Dear Mom and Dad,
It feels weird to call you that. As far as I’m concerned, I’ve never had parents. Sure, you were there in body. But you were never there for me.
I have spent many years feeling angry. You were right, I do have a problem with anger. Being forbidden to express negative emotions, being shamed for feeling hurt, being gaslit — it creates issues with anger. You taught me anger was synonymous with being a bad person. Yet you were allowed to be volatile and verbally abusive, and I would still be a bad person despite not being the one to show anger. You made me feel confused. You made me question my sanity. You made me question whether I was evil and deserved to be alive.
You made me so angry.
More than anything, I have felt angry with myself. Why wasn’t I lovable enough? Why wasn’t I pretty enough? Why wasn’t I interesting enough? Why wasn’t I enough? I came to the conclusion it was my fault. You taught me well that you are never to blame. I have been an excellent pupil, holding myself accountable for things you did to me.
But I was a child. You were the adults. It could never be my fault.
I know, I know. But I wasn’t the perfect child. But sometimes I caused you stress. But sometimes you had other things going on in your life and parenthood was too much.
BUT that wasn’t my fault. You are still in the wrong here.
I have waited many years for sincere apologies. I would seriously reconsider connecting with you if I believed you had changed. But your apologies are hollow. You say them because you know that’s what other people say, not because you feel it deep inside. You say sorry in the hope I will forget everything and we can “go back to normal.”

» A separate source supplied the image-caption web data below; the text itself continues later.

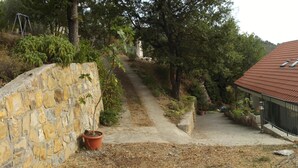 A stone wall with a pathway leading to a house with a red-tiled roof. - B&B L'Intrigante (Seborga)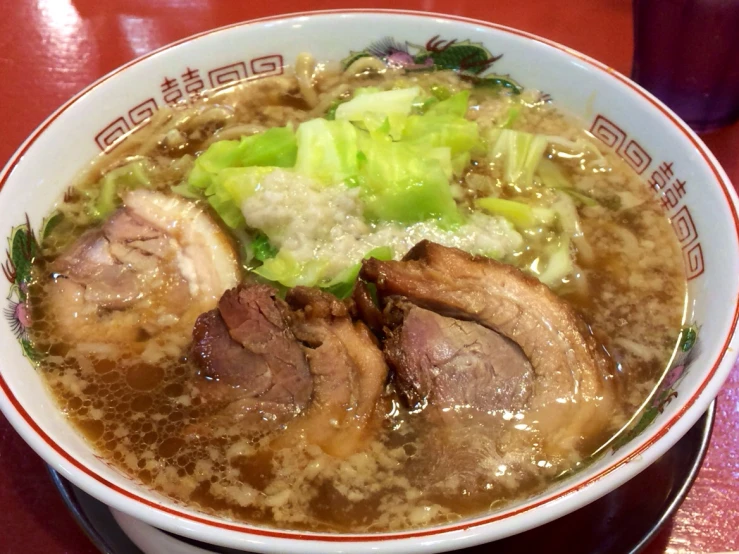 a bowl with meat soup and broccoli in it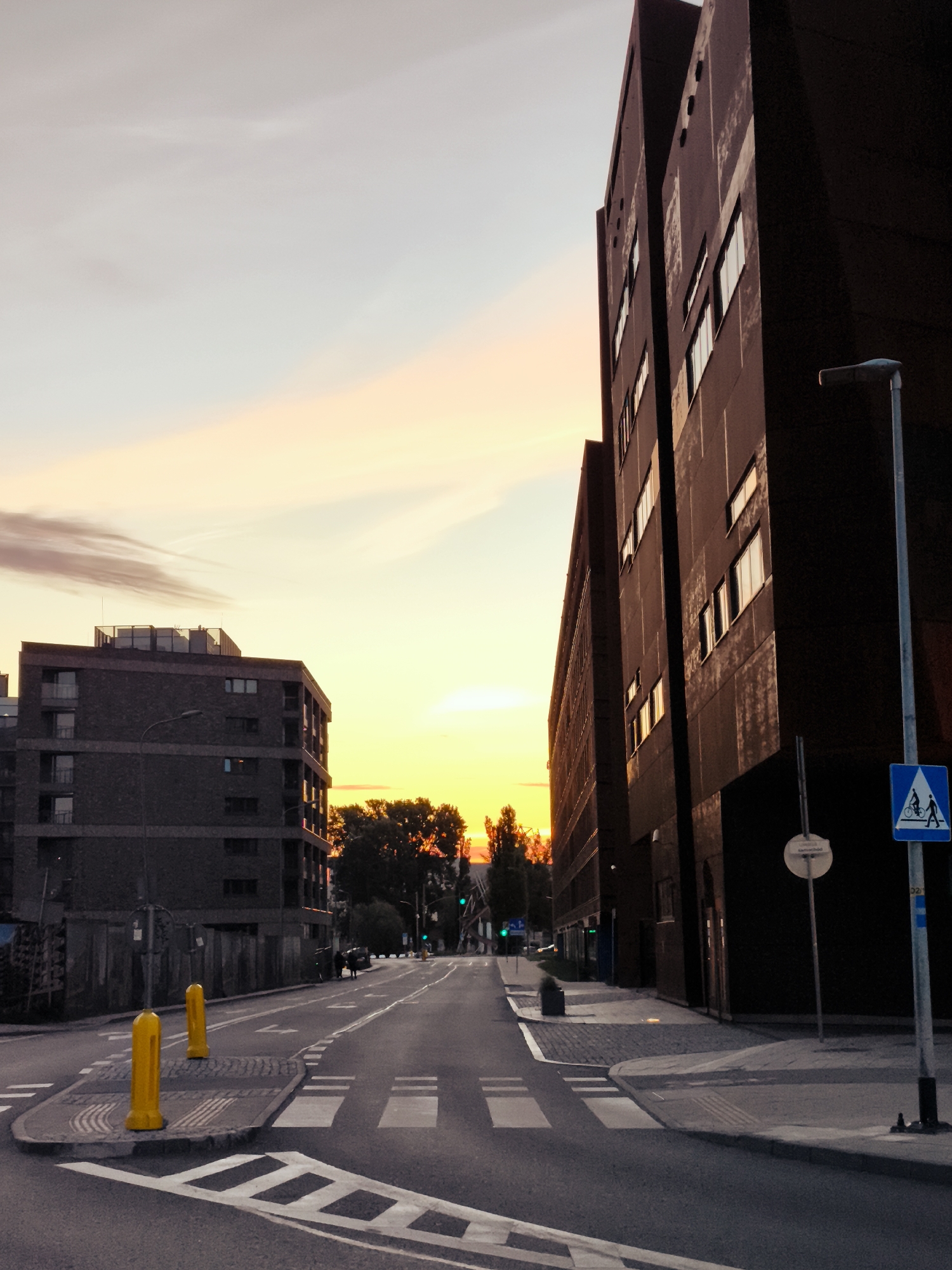 The image depicts a street scene in the city of Gdańsk, Poland, during sunset. On the right, a large, dark, modern building with multiple windows dominates the foreground. A lamppost with a blue and white pedestrian crossing sign is visible in front of this building. On the left, a smaller, multi-story building with a brick facade and balconies is situated further down the street. The street itself is paved and features a pedestrian crossing with white markings. Two bright yellow bollards stand on a raised section of pavement near the pedestrian crossing. The sky above is filled with soft, warm hues of orange and yellow, characteristic of a sunset, with some wispy clouds. Trees are visible in the middle ground, silhouetted against the bright sky. The overall atmosphere is calm and urban.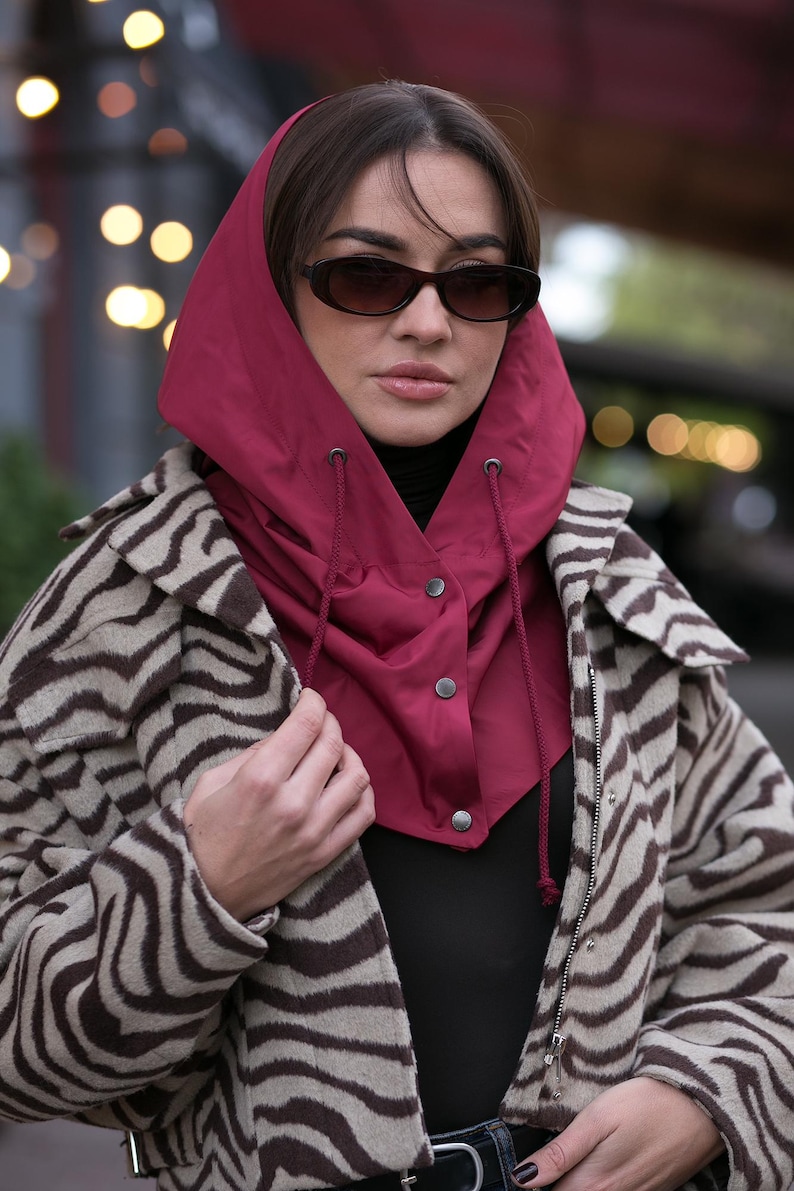 May include: A deep red hooded neck warmer featuring a drawstring closure and three silver-toned snap buttons, worn over a black top and a beige and brown zebra-patterned jacket. The hood is constructed from a smooth, solid-colored fabric.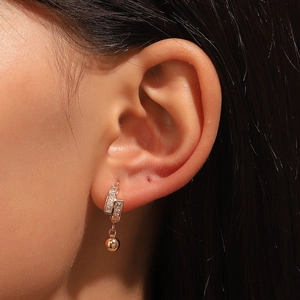Close-up of golden geometric earrings with rectangular zircons and a smooth metallic ball
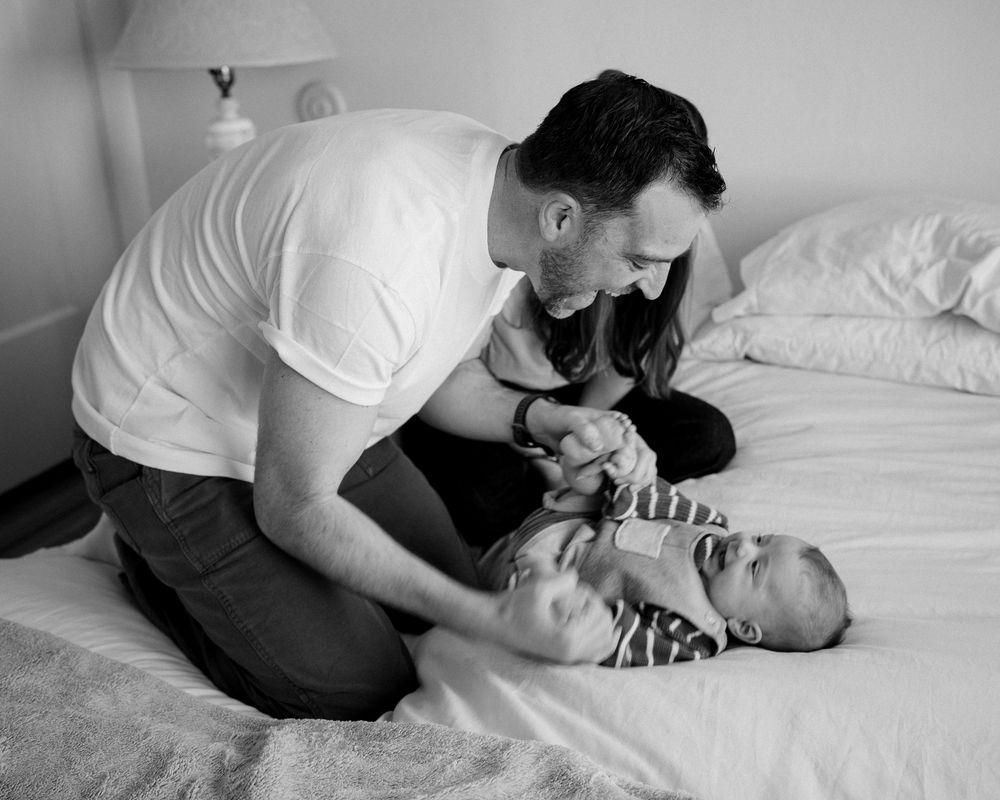 Black and white photo of a father and mother playing with their smiling baby on a bed.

What you don’t understand is your normal is not normal at all. I never want to go back to that. And that’s all your apologies promise. We will go backwards instead of forwards. I will go back to hating myself. I will go back to being afraid. I will go back to feeling desperately unloved.
Your apologies hurt more than if you refused to apologize. You don’t believe parents should apologize to their children. When your apologies are followed by instructions for me not to get upset and to just accept that you are sorry, I know my dream of you changing will never come true. I know you believe parents are always right and children should respect them no matter what.
I did respect you. They say respect is earned. I believe disrespect is earned. And although I would never be cruel to you, I can’t bring myself to respect you. I can’t respect people who hurt their own children, again and again, taking advantage of their forgiveness rather than feeling lucky they are being given another chance.
The last time I saw you, Mom, you passive-aggressively said: “I hope nothing ever goes wrong with your children.” I know what you meant. I know you secretly hope my children don’t want to talk to me one day because then I will understand you and come to the conclusion it was not your fault. The last letter I received from you, Dad, you said parenting was hard and talked at length about how difficult things have been for you. I know what you meant. I know you secretly hope I will struggle too as a parent because then I will understand you and come to the conclusion it was not your fault.
These words deeply hurt me. I felt invalidated. It crushed my dream that you can ever change.
And I want to thank you for saying them.
Thank you, Mom and Dad, for teaching me the importance of adults apologizing to children. Thank you for teaching me that parents do not deserve to be respected no matter what. Thank you for teaching me that parents are responsible for their own actions, regardless of how difficult their circumstances are. Thank you for teaching me that apologies have to be sincere and followed up with actions to prove to children they are safe and can trust you.
Thank you. Because if I ever hurt my children, it will never turn out in the way it’s turned out for us. I won’t be too proud to admit I am wrong and my children are right. I won’t be too proud to admit my children have been more mature than me and have a point. And I won’t be too proud to change and take accountability. More than anything, my children will be able to tell me when I have made a mistake without fear of being gaslit. When they think of safety and open conversations, they will think of their mom.
Thank you for teaching me how it’s NOT done.